Linda K. Muthen posted on Tuesday, December 13, 2005 - 9:19 am

IT sounds like latent class analysis would be a good approach. LCA is a type of cluster analysis. It performs better than k-means clustering due to the fact that variances do not need to be equal across classes.

Tonia F posted on Friday, January 27, 2006 - 10:32 am

I would really appreciate some advice as I've never done cluster analysis before. I am working with population-based data of about 10,000 women. I have 5 binary/dichotomous (coded 0, 1) variables for types of violence: control, fear, demean, physical, sexual). We want to know which forms of violence are likely to co-occurr. Others in the field have used cluster analysis to identify patterns. Is this an appropriate technique? Is Hierarchical clustering best? Kmeans? If Hierarchical, is single, complete or average linkage appropriate based on my data? There are so many decisions to make but unsure which are the right ones based on my data.
Many many thanks!

Linda K. Muthen posted on Saturday, January 28, 2006 - 9:13 am

I think Latent Class Analysis would be appropriate for your data and reseach question. I think it is a preferred clustering technique over K-means clustering for example.

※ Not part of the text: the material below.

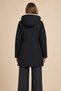 Women's Black Elastic Waist Fur Lined Hooded Winter Coat with Fur Pocket Detail - 3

Tonia F posted on Tuesday, January 31, 2006 - 12:42 pm

Thank you for your response Dr. Muthen. Is it possible to talk briefly about how one would determine the number of latent classes in a LCA. I am confused as to whether one would start with the minimum or maximum number of possible classes. In my situation, the maximum number is quite a lot.
Many many thanks!

Linda K. Muthen posted on Tuesday, January 31, 2006 - 1:15 pm

In my experience, one starts with the two class solution and goes up from there. I suggest you look at the B. Muthen paper in a book edited by Kaplan which can be downloaded from the website. It shows a strategy for determining the number of classes.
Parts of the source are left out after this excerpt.